Even in non-diabetics, but especially in diabetics, potassium levels can be a key indicator of one’s level of overall health. Thus, it is common for doctors to assess potassium levels as part of routine physical check-ups. This is done via a very straightforward and safe procedure where a small amount of blood is drawn from a patient using a syringe and sent to a lab for analysis. The lab will determine the levels of potassium and various other chemical markers in the sample and pass those results along to your doctor, who will then communicate the results and any health implications to you.
If you are diabetic, your doctor may wish to monitor your potassium levels more closely and may insist on more frequent blood tests to ensure that any hypokalemic or hyperkalemic episodes are dealt with quickly to avoid more serious health complications. If you are not having your potassium monitored regularly, you may wish to bring this up with your doctor and suggest more regular sampling in the future.
What is a safe or normal potassium level?
For adults, a safe potassium level is between 3.5 and 5.0 millimoles per liter (mmol/L). When levels go beyond 5.5 mmol/L, hyperkalemia occurs. An individual may require immediate medical attention if levels are above 6.5 mmol/L as they may experience heart problems.
How should you deal with low potassium levels?
The only way to get low potassium levels to within a normal range is to consume more potassium. Depending on how severe the specific episode of hypokalemia is, this may simply involve eating more foods that are rich in this mineral, such as leafy greens, beans, dried fruits, and bananas. Ensuring a proper diet over time may go a long way toward maintaining a healthy potassium profile (as well as a host of other health benefits).
For those with severe deficiencies, a doctor may prescribe a fast-acting potassium supplement that will deliver a concentrated dose of potassium to their system. Over-the-counter dietary supplements can also be used, however, it is always advisable to consult with a physician before adding supplements to your regimen.
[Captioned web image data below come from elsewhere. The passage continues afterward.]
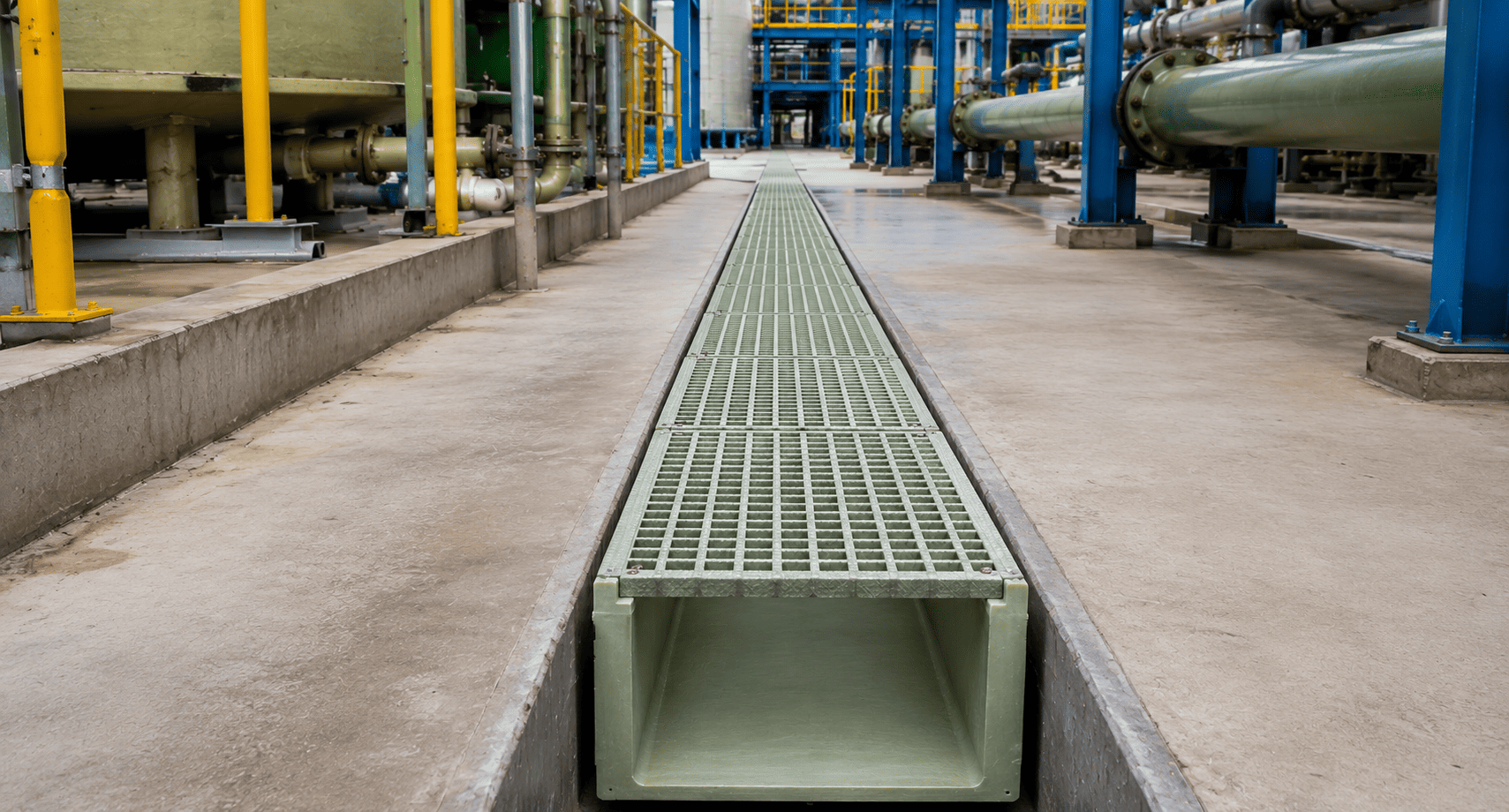 Prefabricated FRP Drain for Chemical Plant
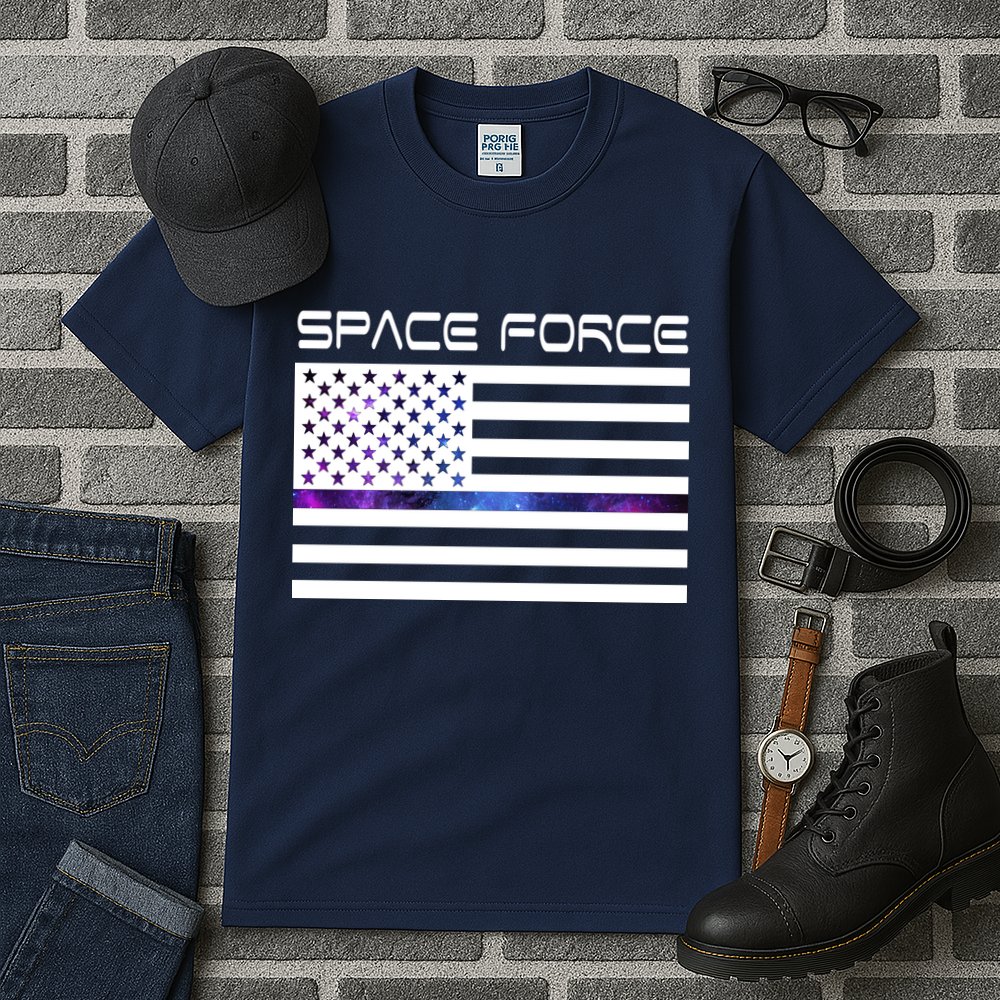 US Space Force Flag Tall T-Shirt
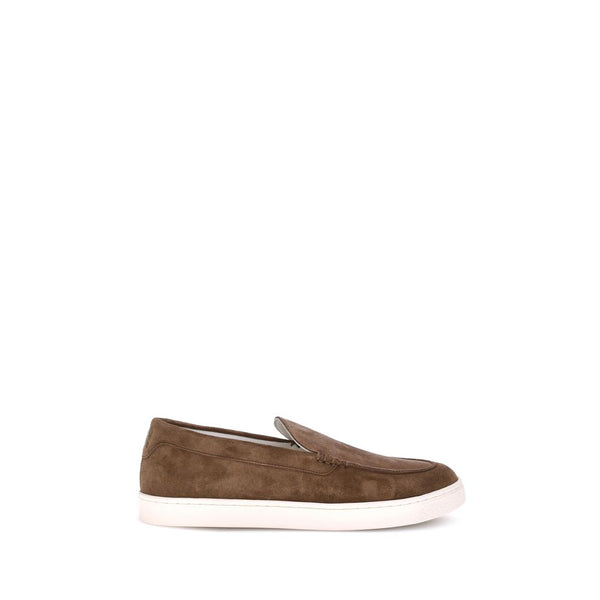 Braune Kalbshaut Bos Taurus Sneakers mit niedrigem Schaft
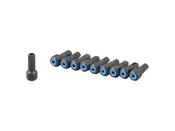 Spoke Alpina Nipple Hex Head Alloy Locking Black 10-Pack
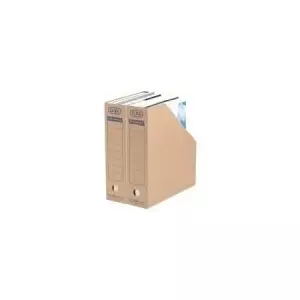 Elba Archiv-Stehsammler tric System natural brown with finger hole and printed spine label, stable (83521)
This is especially true if you are taking supplements to treat a serious condition like diabetes.
Of course, if the hypokalemia is occurring due to other medications or an underlying condition like ketoacidosis, then that condition will need to be addressed directly in addition to ensuring a proper potassium intake.
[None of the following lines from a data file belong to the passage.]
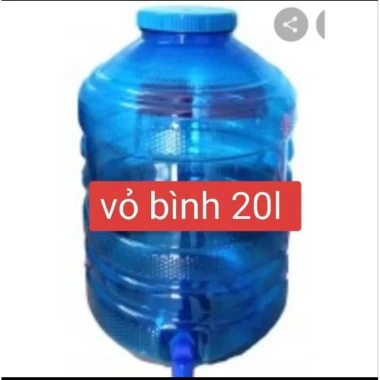 Vỏ Bình Nước 20L PET Phi 110 Xanh Dương - Giảm 14.400đ, Giá 60.000đ 2 Vỏ Bình Nước 20L PET Phi 110 Xanh Dương - Giảm 14.400đ, Giá 60.000đ 2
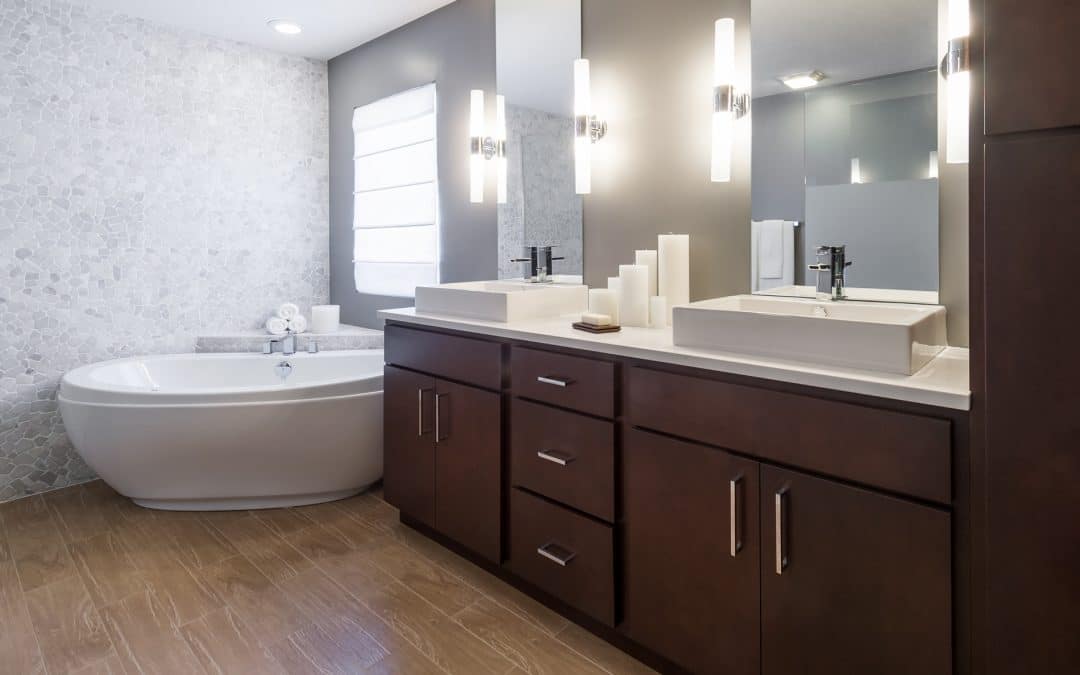 Contemporary Remodel Master Bathroom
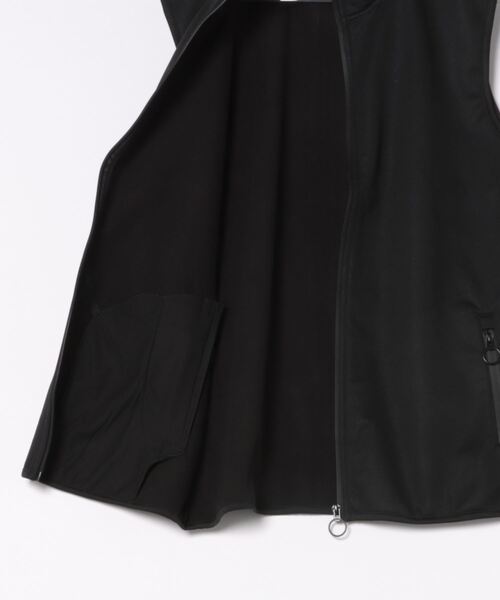 NYLAUS(ナイラス)の「防風 裏フリース スタンドカラー スウェットベスト(ベスト・メンズ・杢グレー/ネイビー/ブラック/その他・L/LL/M)」の6枚目の写真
How should you deal with high potassium levels?
Most healthy individuals need not be overly concerned by the possibility of high potassium levels. While the complications can be serious, hyperkalemia is unlikely to occur in individuals with healthy, functioning kidneys. Even if they consume excessive amounts of potassium, the kidneys will most likely filter out any excess (although consuming unnecessarily high levels of potassium may still not be healthy in the long run).
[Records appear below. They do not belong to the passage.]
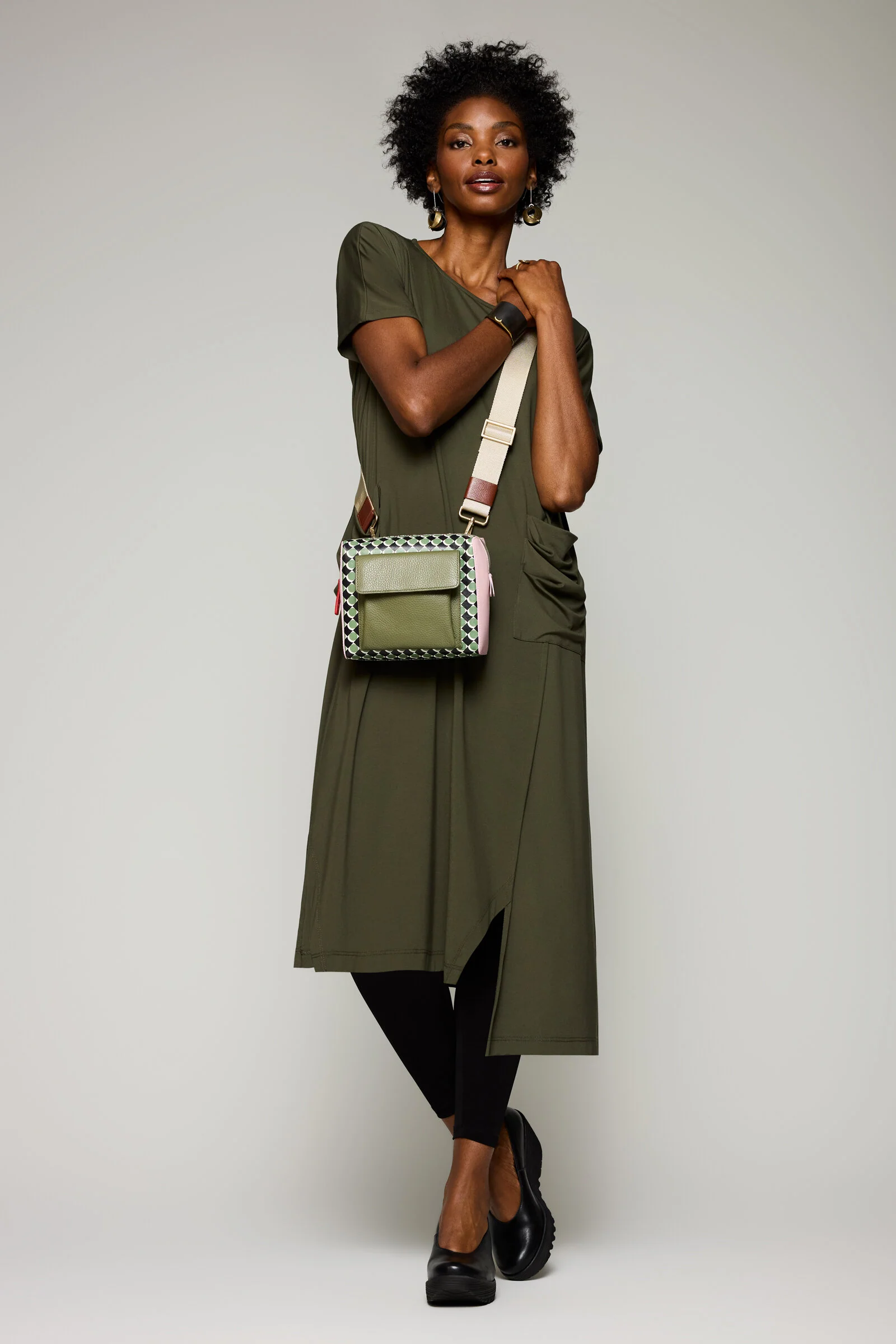 Everyday Eden Dress - Olive - Image 3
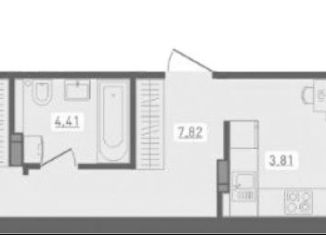 Продаю 2-ком. квартиру, 46.6 м2, Новосибирск, улица Забалуева, 69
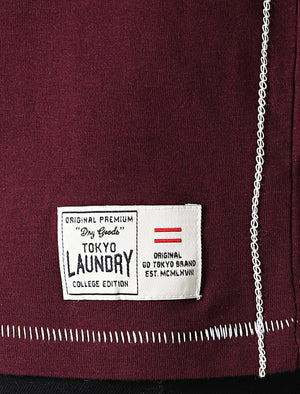 Rookie Crew Neck Cotton T-Shirt In Wine Tasting - Tokyo Laundry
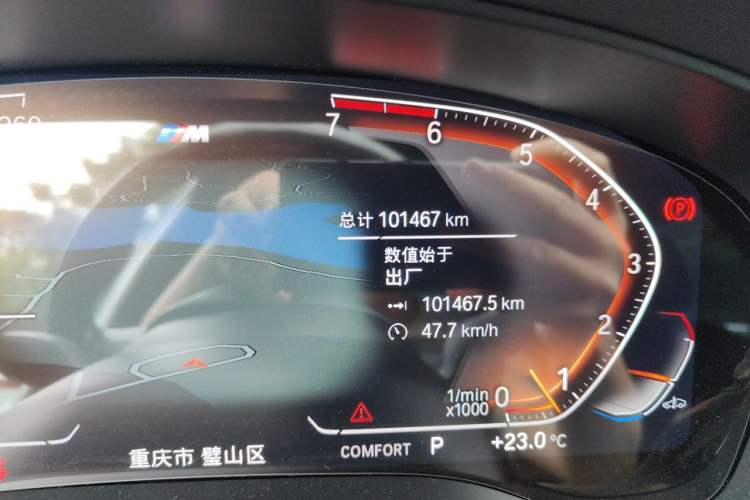 Used BMW 5 Series 2021 525i M Sport Package Odometer Close Up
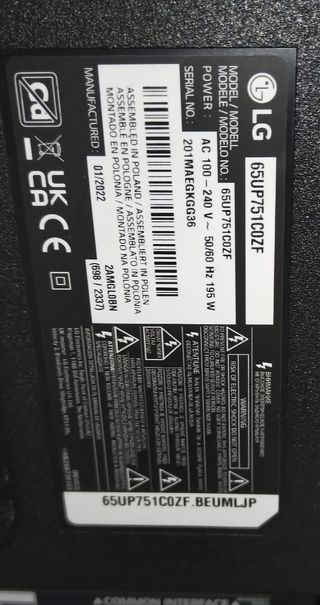 Despiece TV LG 65UP751C0ZF tele televisor tv para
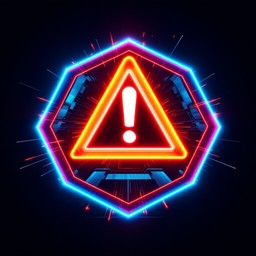 Holograph Sign Free Holographic Danger Symbol Image - Holographic, Warning, Alert ...
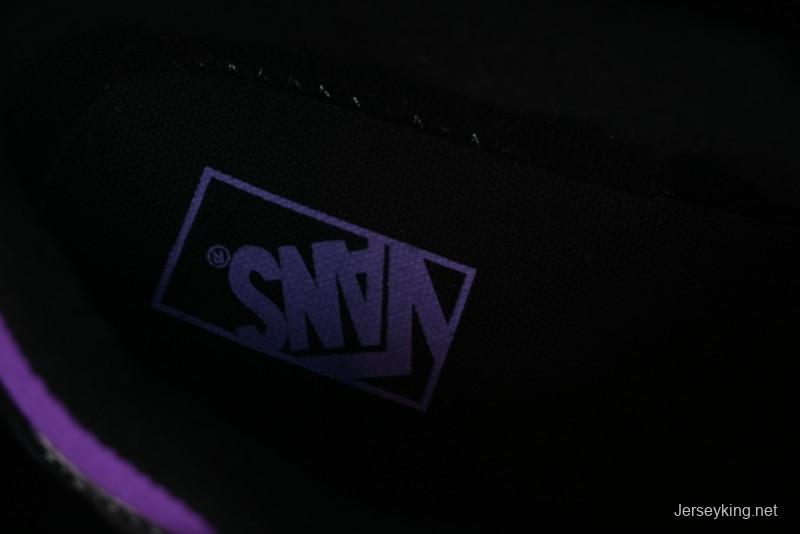 Vans Classics Knu Skool Black Purple Slip-On Shoes - VN0009QCSWE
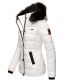 Marikoo warm ladies winter jacket quilted jacket winter jacket quilted parka NEW B391 white size XS - Gr. 34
Individuals who do suffer from hyperkalemia, either due to kidney disease or for other reasons, should seek urgent medical attention. This serious condition will likely require treatment with diuretics, and potentially even dialysis, in order to bring potassium levels within a healthy range before causing harmful effects.
If Hyperkalemia goes untreated, it can lead to acute problems with heart function, muscle function, and other basic bodily functions.
One of the most important things diabetics can do to improve their health outcomes is to be well-informed about their condition. Having more information about diabetes can help diabetics make better choices about nutrition, exercise, medication, and general self-care. While monitoring insulin and carbohydrate intake may be primary concerns for most diabetics, other dietary conditions can play a significant outcome in treatment and are worth paying attention to.
Being aware of the importance of potassium can help diabetics make conscious decisions to monitor their potassium levels and intake, in order to pre-empt or respond effectively to imbalances. Work with your doctor and any other trusted professionals to incorporate potassium monitoring and management into your diabetes management plan.